Matsuo proposed the Reference Field Effect Transistor (REFET) apparatus first in 1978. At present, the research of this element can be divided into three categories mainly:                1. Add an ion-blocking layer on the original inorganic membrane, in order to reduce the number of ionic bonding on the surface of sensitive membrane.        2. Employ the polymer to form an ion-blocking membrane. However, it is limited to the problem of membrane thickness. The membrane thickness must be increased, in order to improve the defect of membrane pore. When the membrane thickness is increased, the transconductance of element will be decayed, which will lead to the mismatch of system operation. In addition, this kind of membrane has the stability and high sensitivity problems.        3. Employ the polymer to form an ion-unblocking membrane. It can solve the above-mentioned decay problem of transconductance. It is also the most mature and stable membrane with low sensitivity at present. Even so, the service life of this kind of membrane is still short.        
The development of organic Reference Field Effect Transistor (using PVC membrane) is mature, where the sensitivity can be reduced to about 1 mV/pH to 2 mV/pH at present. However, there organic membrane and the semiconductor element still are the problems of complicated process and incompatible structure. Thus, the development of inorganic Reference Field Effect Transistor not only can simplify the process, but also can be compatible with the CMOS process completely and can avoid the transconductance decay of organic membrane. It will be an innovative development on the fields of Reference Field Effect Transistor and Ion Sensitive Field Effect Transistor.
The structure of Reference Field Effect Transistor and Ion Sensitive Field Effect Transistor are very similar. The main difference is that the Ion Sensitive Field Effect Transistor is very sensitive to the target ion (such as hydrogen ion, sodium ion, and potassium ion), but the Reference Field Effect Transistor is less sensitive to the target ion. The Ion Sensitive Field Effect Transistor/Reference Field Effect Transistor should have the quasi Reference Electrode (qRE) to provide the bias voltage to the sensing system to form the circuit.
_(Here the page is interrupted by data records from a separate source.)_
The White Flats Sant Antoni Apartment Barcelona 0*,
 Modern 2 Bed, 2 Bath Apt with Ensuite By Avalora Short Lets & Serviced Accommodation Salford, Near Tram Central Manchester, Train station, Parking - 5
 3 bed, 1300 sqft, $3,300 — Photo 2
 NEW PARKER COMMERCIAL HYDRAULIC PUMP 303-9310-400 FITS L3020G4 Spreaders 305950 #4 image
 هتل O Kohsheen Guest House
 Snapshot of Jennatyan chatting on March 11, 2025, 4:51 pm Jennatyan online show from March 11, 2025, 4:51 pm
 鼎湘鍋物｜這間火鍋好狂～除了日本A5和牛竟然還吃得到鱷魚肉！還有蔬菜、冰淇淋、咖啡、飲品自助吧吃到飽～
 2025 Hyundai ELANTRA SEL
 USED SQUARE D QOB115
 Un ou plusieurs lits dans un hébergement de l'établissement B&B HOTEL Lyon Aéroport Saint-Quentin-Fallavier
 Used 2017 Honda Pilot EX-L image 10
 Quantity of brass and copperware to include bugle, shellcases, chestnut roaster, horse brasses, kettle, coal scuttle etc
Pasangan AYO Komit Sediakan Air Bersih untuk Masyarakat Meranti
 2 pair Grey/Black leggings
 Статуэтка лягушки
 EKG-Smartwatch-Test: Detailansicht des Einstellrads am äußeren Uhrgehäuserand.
The differential amplifier is used to differentiate the output voltage of quasi Reference Electrode. The final obtained output voltage is the output ion concentration of Ion Sensitive Field Effect Transistor/Reference Field Effect Transistor system. The influence of voltage between unstable solid and liquid interface can be offset by the differential amplifier. From the above-mentioned description, the Reference Field Effect Transistor with low ion sensitivity can be formed as the combination of Ion Sensitive Field Effect Transistor/Reference Field Effect Transistor/quasi Reference Electrode (IS FET/REFET/qRE).
In the conventional Ion Sensitive Field Effect Transistor, due to the part of reference electrode is difficult to be microminiaturized and integrated into the integrated circuit (IC), thus the Ion Sensitive Field Effect Transistor/Reference Field Effect Transistor system has been proposed. When the ion sensitivity is reduced, it is necessary to be dependent on a layer of extra organic membrane. Thus, the complexity of process is increased, and the service life is also reduced.
From the above-mentioned reason, it is known that the development of Reference Field Effect Transistor is paid more attention day by day. In order to respond the future demand, it is necessary to develop relevant technology of inorganic Reference Field Effect Transistor apparatus, in order to reduce the cost of operation manpower and manufacturing time, and reach the purpose of energy conservation and carbon reduction effectively.